Below is a listing with pictures. Repeat exactly the lines starting at the one holding "Un hombre frente" and going on through the one holding "A table with", and leave every picture out.

**Data records:**
Segment Open
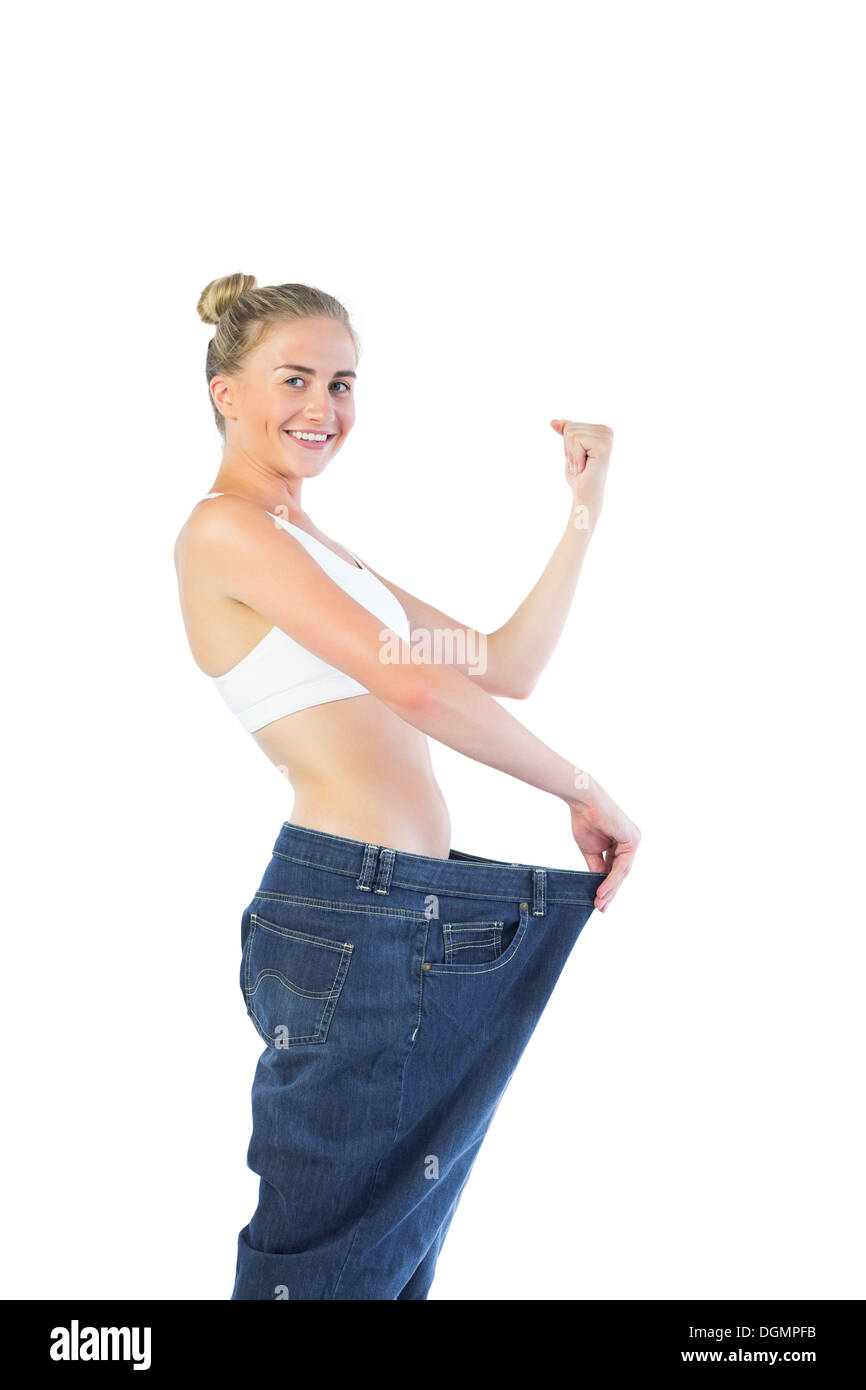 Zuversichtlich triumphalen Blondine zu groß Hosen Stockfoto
Segment Closed
Segment Open
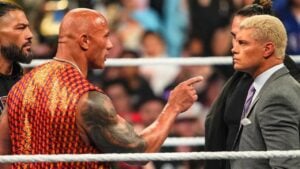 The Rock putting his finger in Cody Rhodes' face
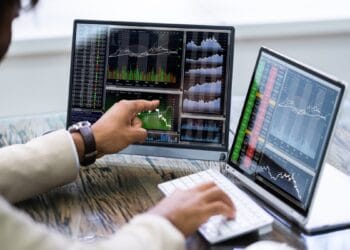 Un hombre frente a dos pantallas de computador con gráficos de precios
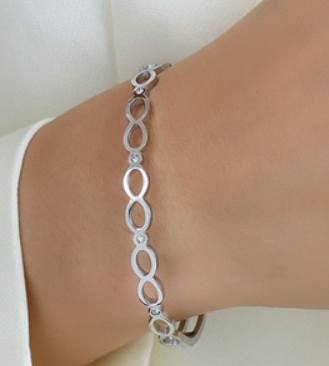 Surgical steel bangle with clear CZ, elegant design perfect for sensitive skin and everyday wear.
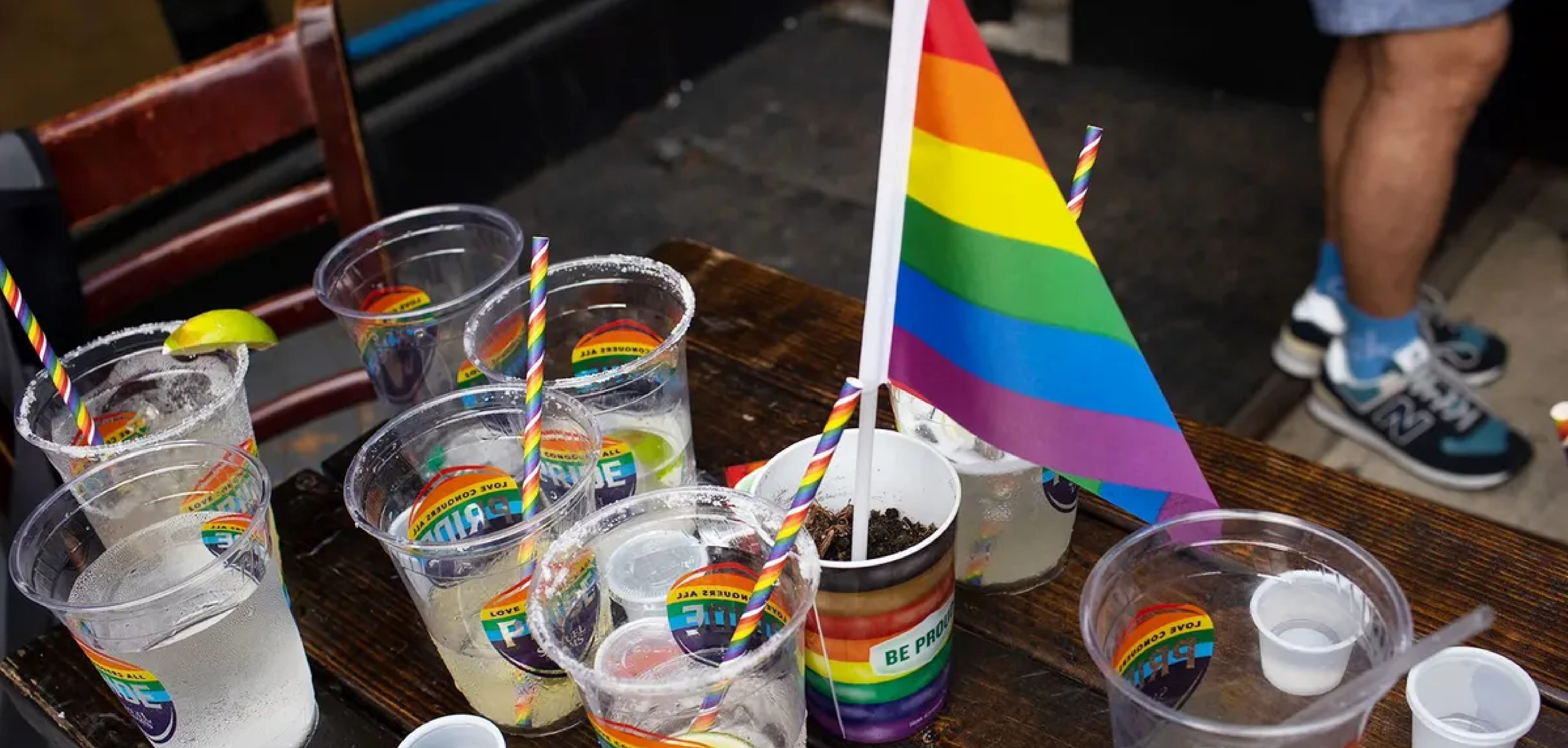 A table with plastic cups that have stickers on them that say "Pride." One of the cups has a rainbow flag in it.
Segment Closed
**Task response:**
 Un hombre frente a dos pantallas de computador con gráficos de precios
 Surgical steel bangle with clear CZ, elegant design perfect for sensitive skin and everyday wear.
 A table with plastic cups that have stickers on them that say "Pride." One of the cups has a rainbow flag in it.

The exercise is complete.